## DESCRIPTION OF THE TASK
Below are the records; repeat exactly their lines between the line holding "Immunofluorescence - Anti-KLF3" and the line holding "GATA Binding Protein", inclusive, skipping the pictures.

## SOURCE INFORMATION

——————

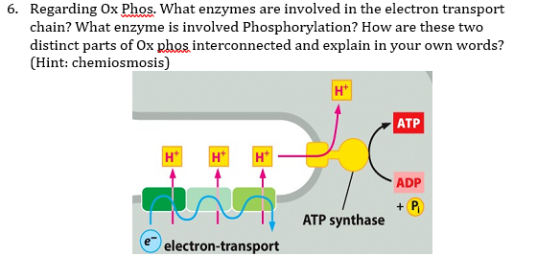6. Regarding Ox Phos. What enzymes are involved in the electron transport chain? What enzyme is involved Phosphorylation? How
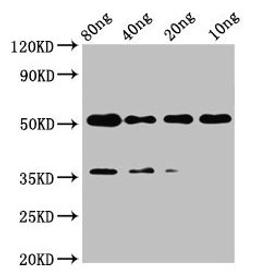 Western Blot. Positive WB detected in Recombinant protein. All lanes: met antibody at 2µg/ml. Secondary. Goat polyclonal to rabbit IgG at 1/50000 dilution. Predicted band size: 42 kDa. Observed band size: 52 kDa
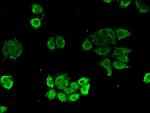 NUDT21 Antibody in Immunocytochemistry (ICC/IF)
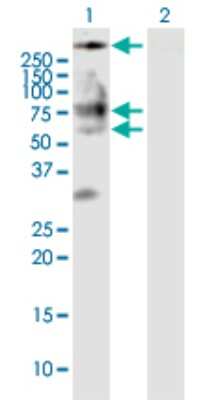 Western Blot: Seipin/BSCL2 Antibody [H00026580-D01P]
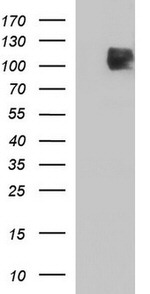 ICAM3 Antibody in Western Blot (WB)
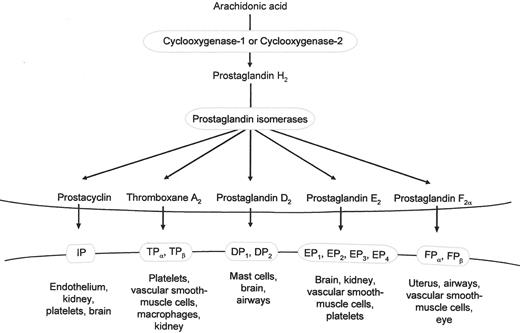 Figure 1. The cyclooxygenase (COX)-1 and -2 pathway. Prostaglandins (PG) are formed by specific isomerases from the COX product PGH2. They act through G protein transmembrane receptors. / Abbreviations: IP, prostacyclin receptor; TP, thromboxane receptor; DP, PGD2 receptor, EP, PGE2 receptor, FP, PGF2α receptor.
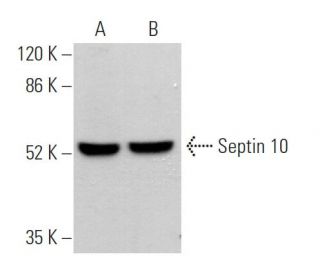 Septin 10 Antibody (C-1) - Western Blotting - Image 371220 
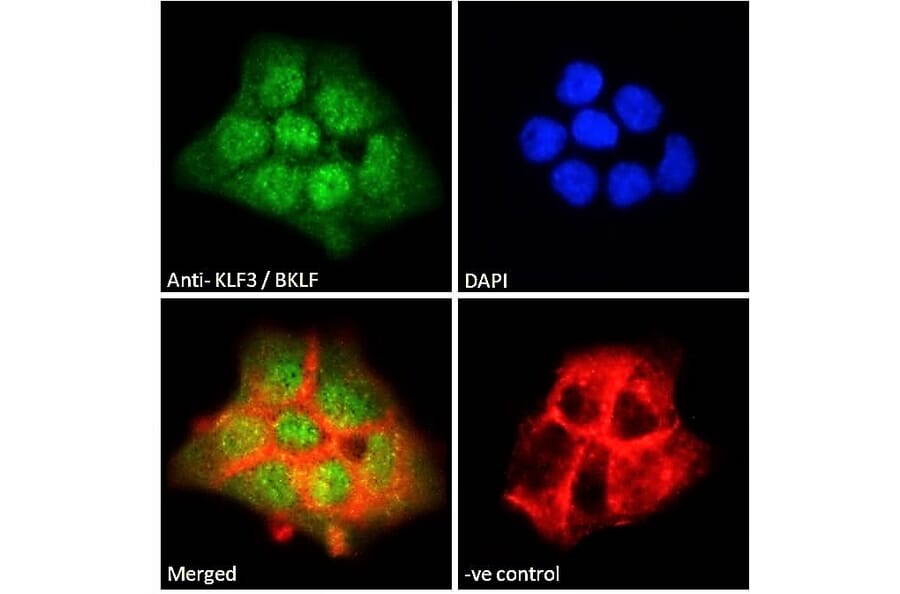 Immunofluorescence - Anti-KLF3 Antibody (A83826) - Antibodies.com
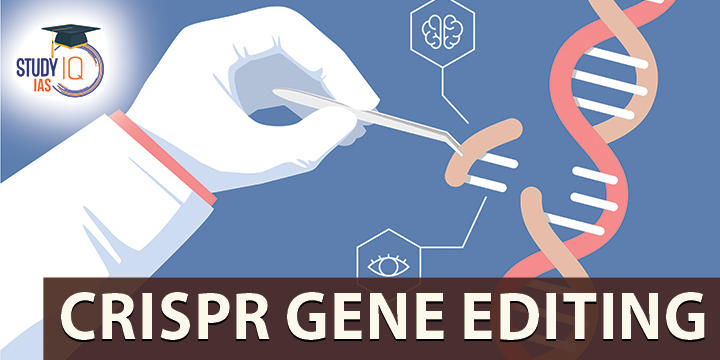 CRISPR Gene Editing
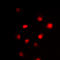 GATA Binding Protein 3 antibody, LS-C356055, Lifespan Biosciences, Immunofluorescence image 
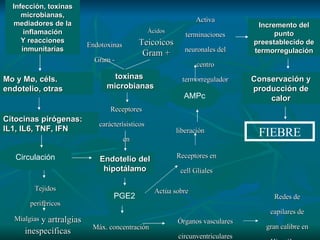 Tejidos periféricos Mialgias  y artralgias inespecíficas Endotoxinas Gram - Ácidos   Teicoicos Gram + Receptores carácterìsisticos  en Máx. concentración Órganos vasculares circunventriculares Redes de capilares de gran calibre en Hipotálamo liberación Actúa sobre Receptores en cell Gliales Activa terminaciones neuronales del centro termorregulador Infección, toxinas microbianas, mediadores de la inflamación Y reacciones inmunitarias Mo y M ø, céls. endotelio, otras Citocinas pirógenas: IL1, IL6, TNF, IFN Circulación Endotelio del hipotálamo PGE2 AMPc Incremento del punto preestablecido de termorregulación Conservación y producción de calor toxinas  microbianas FIEBRE 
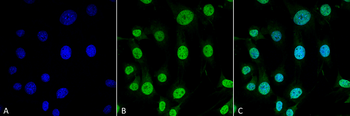 TRAP1 Antibody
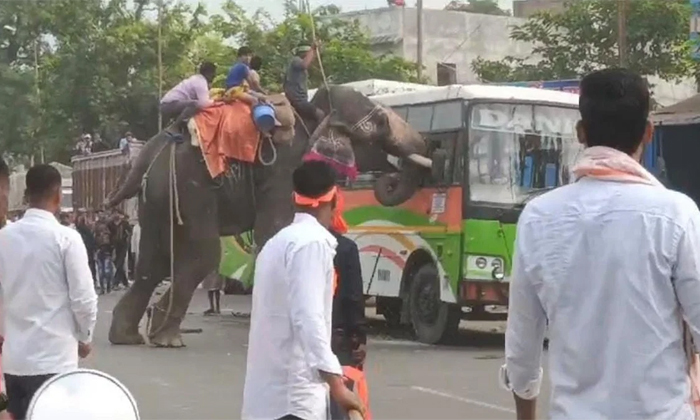  Viral Video Elephant Aggressively Attacking Car Bus On Road In Bihar Details, Vi-TeluguStop.com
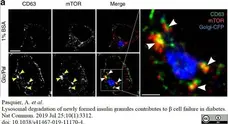 Anti Rat CD63 Antibody, clone AD1 gallery image 5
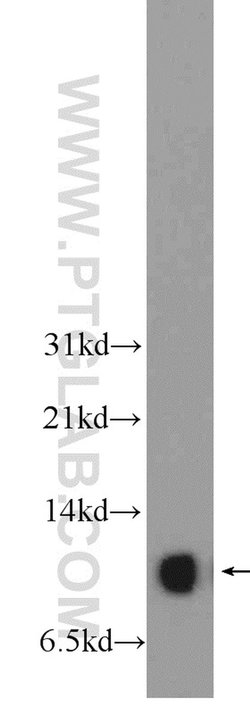 SNRPE Rabbit anti-Human, Mouse, Rat, Polyclonal, Proteintech:Antibodies:Primary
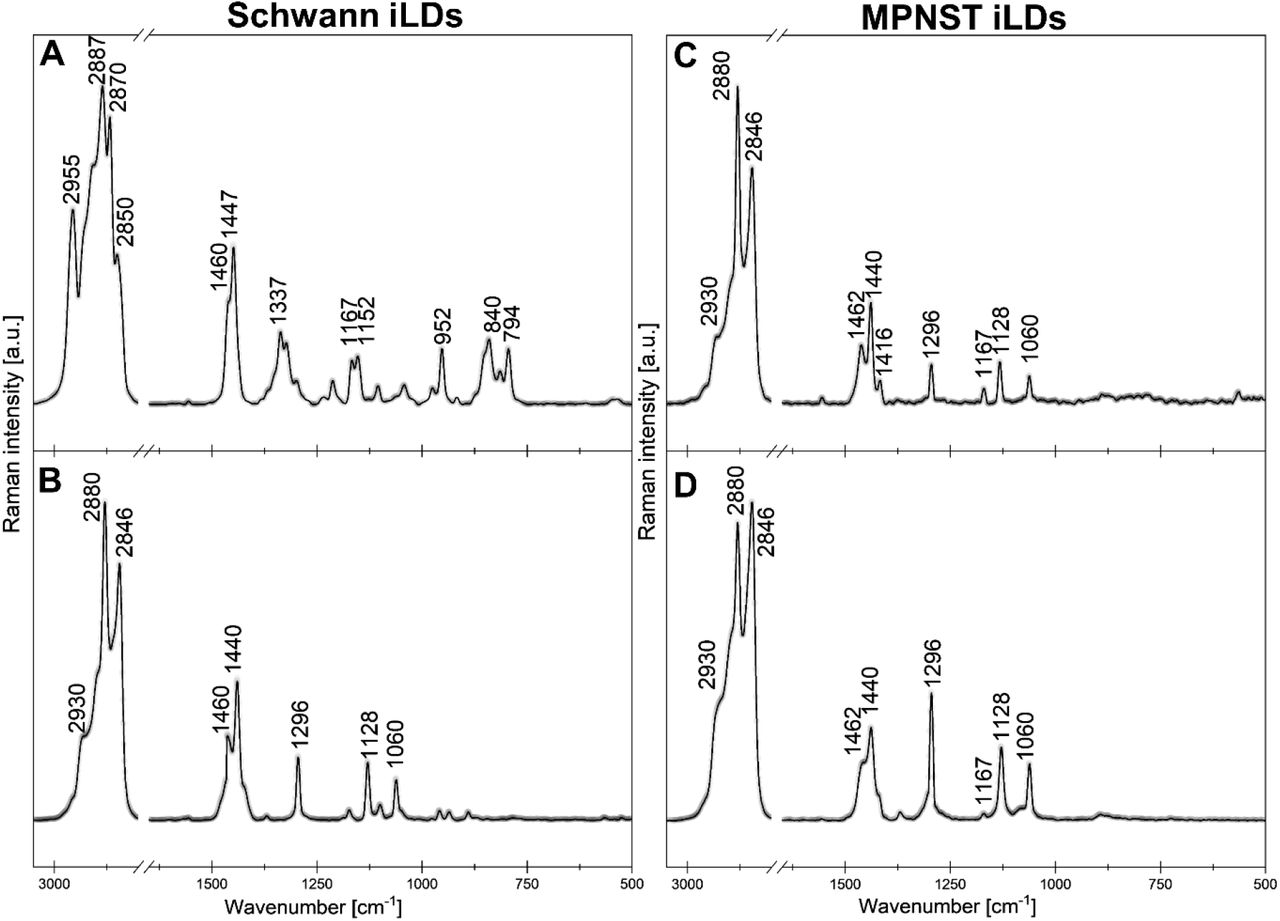 Representative Raman spectra of isolated lipid droplets (iLDs) obtained from Schwann cells (A, B) and MPNST cells (C, D). Variations in band presence and relative intensities reflect chemical heterogeneity of lipid droplet cargo both between cell types and within individual iLD populations, indicating the coexistence of spectrally distinct lipid droplet subtypes.
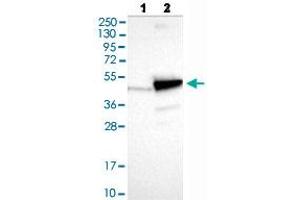 Western blot analysis of Lane 1: Negative control (vector only transfected HEK293T lysate), Lane 2: Over-expression lysate (Co-expressed with a C-terminal myc-DDK tag (~3. (PNMA2 antibody  (AA 58-206))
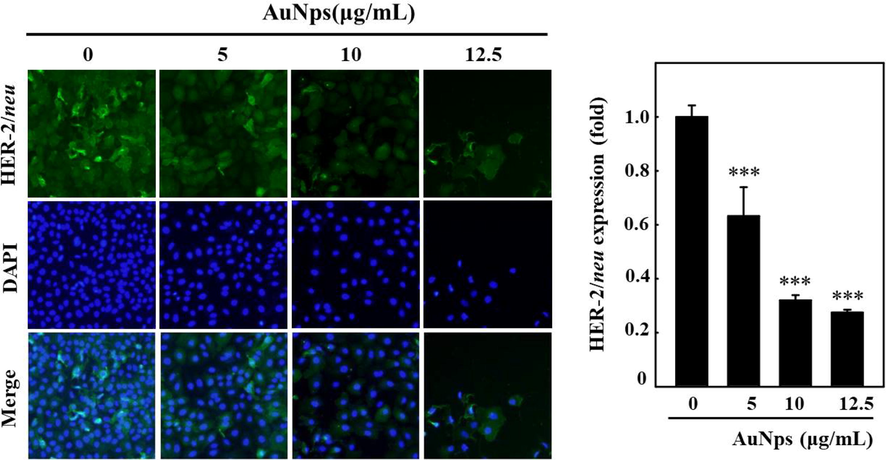 Effect of AuNPs formulated from the Curcuma wenyujin (CW-AuNPs) on HER-2/neu expression in breast carcinoma cell line MDA-MB231/HER2. (A) MDA-MB231/HER2 cells were supplemented with three different dosages of CW-AuNP’s 5 µg/ml, 10 µg/ml, 12.5 µg/ml for 24 h and assessed for HER2/neu protein expression by immunocytochemical analysis. The control and CW-AuNPs treated cells were stained with DAPI staining to measure the apoptosis induction by CW-AuNPs. Each bar represents mean ± SEM of three independent observations. P < 0.05 is considered as statistically significant.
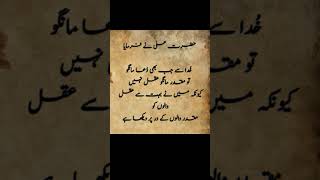 Hazrat Ali quotes #viralvideos #poetry #quotes #urdupoetry #love #sadpoetry #explore #viralvideo #1k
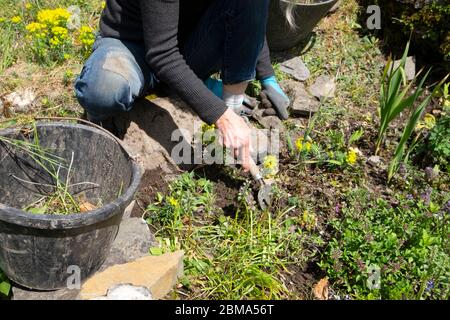 Ältere ältere Frau hockt auf geneigten Garten Jäten Steingartenpflanzen im Frühjahr Mai 2020 während der Covid 19 Coronavirus Pandemie UK KATHY DEWITT Stockfoto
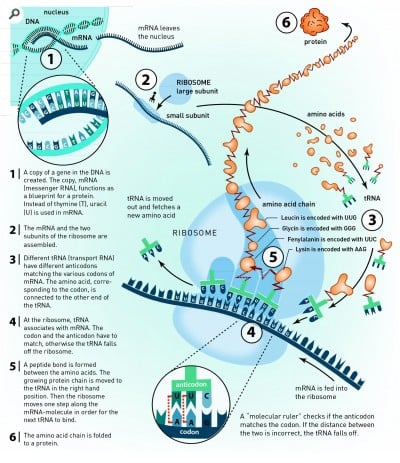 protein synthesis | Mr Cartlidge's Science Blog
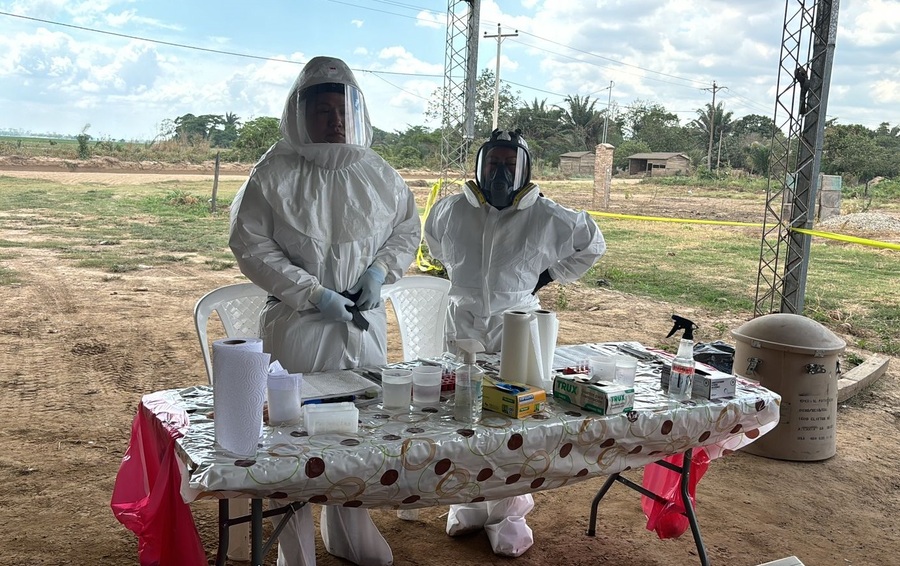 Inician estudios de seroprevalencia para detectar virus de roedores en Teoponte, Guanay y Caranavi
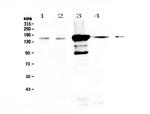 PRX Polyclonal Antibody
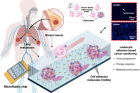 Overview-of-the-microfluidic-assay-for-cancer-associated-leukocyte-adhesion-profiling.png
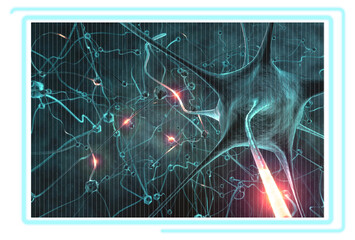 Digital image of nerve cells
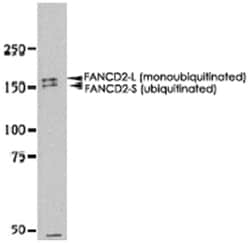 FANCD2 Rabbit anti-Human, Mouse, Polyclonal Antibody, Abnova 50&mu;L; Unlabeled:Antibodies,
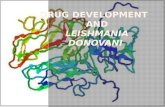 Drug discovery  Protein homology modeling  Leishmania sp. and Kala-azar  Out line of drug development against Leishmania donovani  DNA isolation.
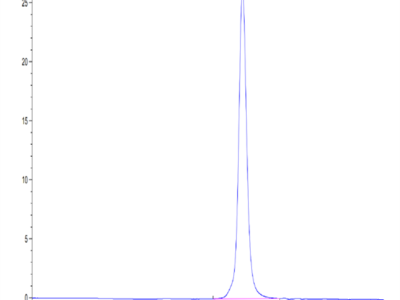 Canine CD28 Protein (CD8-CM128)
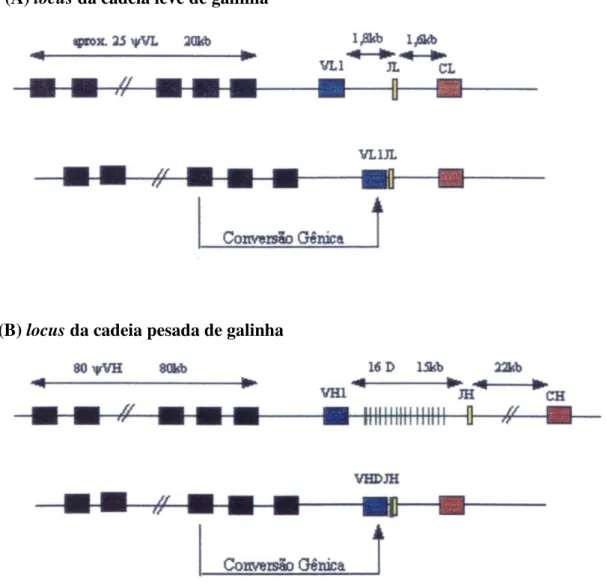 Figura  3.  Organização  dos  locus  de  imunoglobulina  de  galinhas.  (A)  locus  da  cadeia  leve  mostrando  cerca  de  25  pseudogenes  (quadrados  pretos);  VL  (azul)  -  único  segmento  funcional;  JL  (amarelo)-  um  segmento de junção;  CL(verme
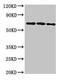 Netrin 1 antibody, CSB-PA016127LA01HU, Cusabio, Western Blot image 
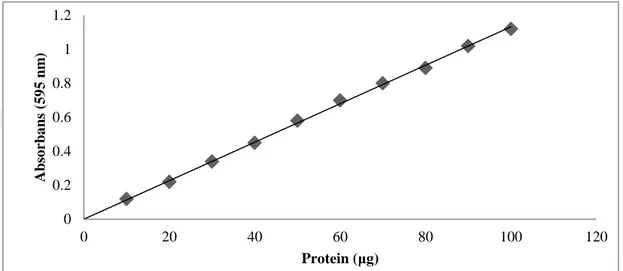 Şekil  4.1.  Bradford  metoduyla  proteinlerin  kantitatif  tayini  için  kullanılan  standart  grafik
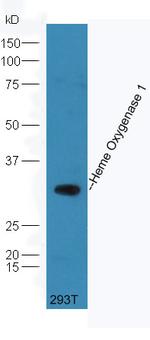 Heme Oxygenase 1, Heme Oxygenase 2 Antibody in Western Blot (WB)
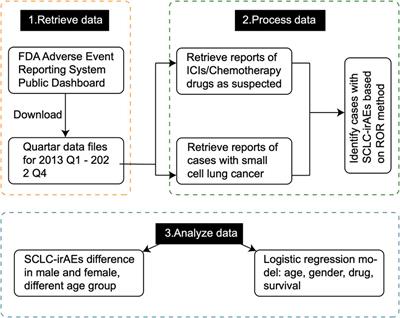 Immune-related adverse events in small-cell lung cancer patients treated with immune checkpoint inhibitors: a comprehensive analysis from the FDA adverse event reporting system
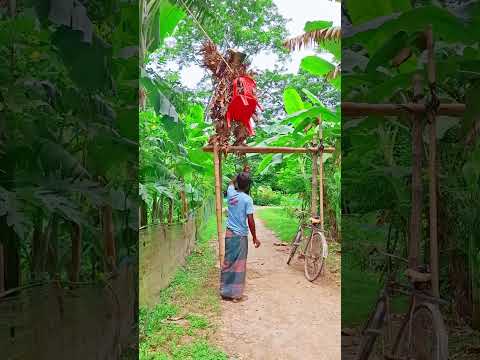 #unfrezzmyaccount #dancecover #dancer #love #তোমারপিন্দনেরশাড়িতে #tiktokviralsong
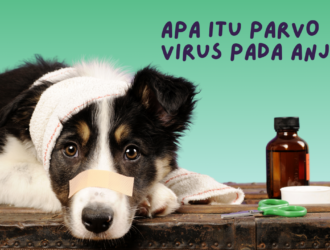 Parvo Virus Pada anjing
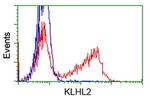 KLHL2 Antibody in Flow Cytometry (Flow)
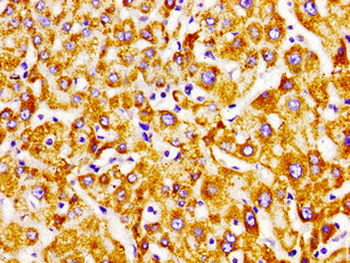 ECI2 Antibody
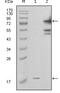 Nicotinamide Phosphoribosyltransferase antibody, MA5-15388, Invitrogen Antibodies, Western Blot image 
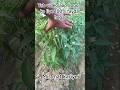 Roj ek video banane ka fayda💥💥 Roj ek video upload karne ka fayda🤯 #shorts #farming #viral #tips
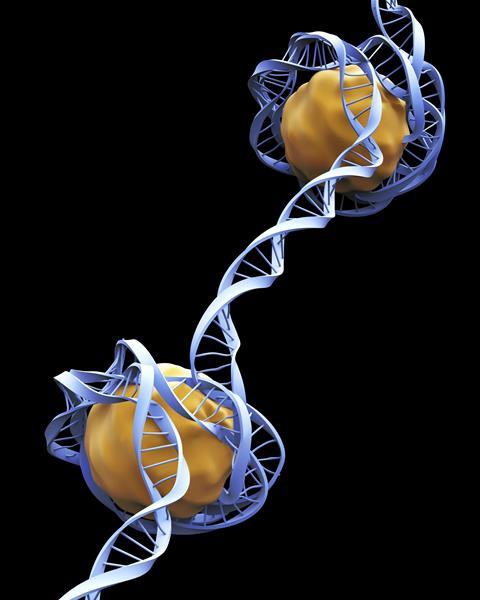 Computer artwork showing how DNA (deoxyribonucleic acid) is packaged within eukaryotic cells. Two DNA strands, consisting of a sugar-phosphate backbone attached to nucleotide bases, twist into a double helix.The DNA double helix is tightly coiled around histone proteins to form nucleosomes (centre, yellow)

——————

## SOLUTION
 Immunofluorescence - Anti-KLF3 Antibody (A83826) - Antibodies.com
 CRISPR Gene Editing
 GATA Binding Protein 3 antibody, LS-C356055, Lifespan Biosciences, Immunofluorescence image 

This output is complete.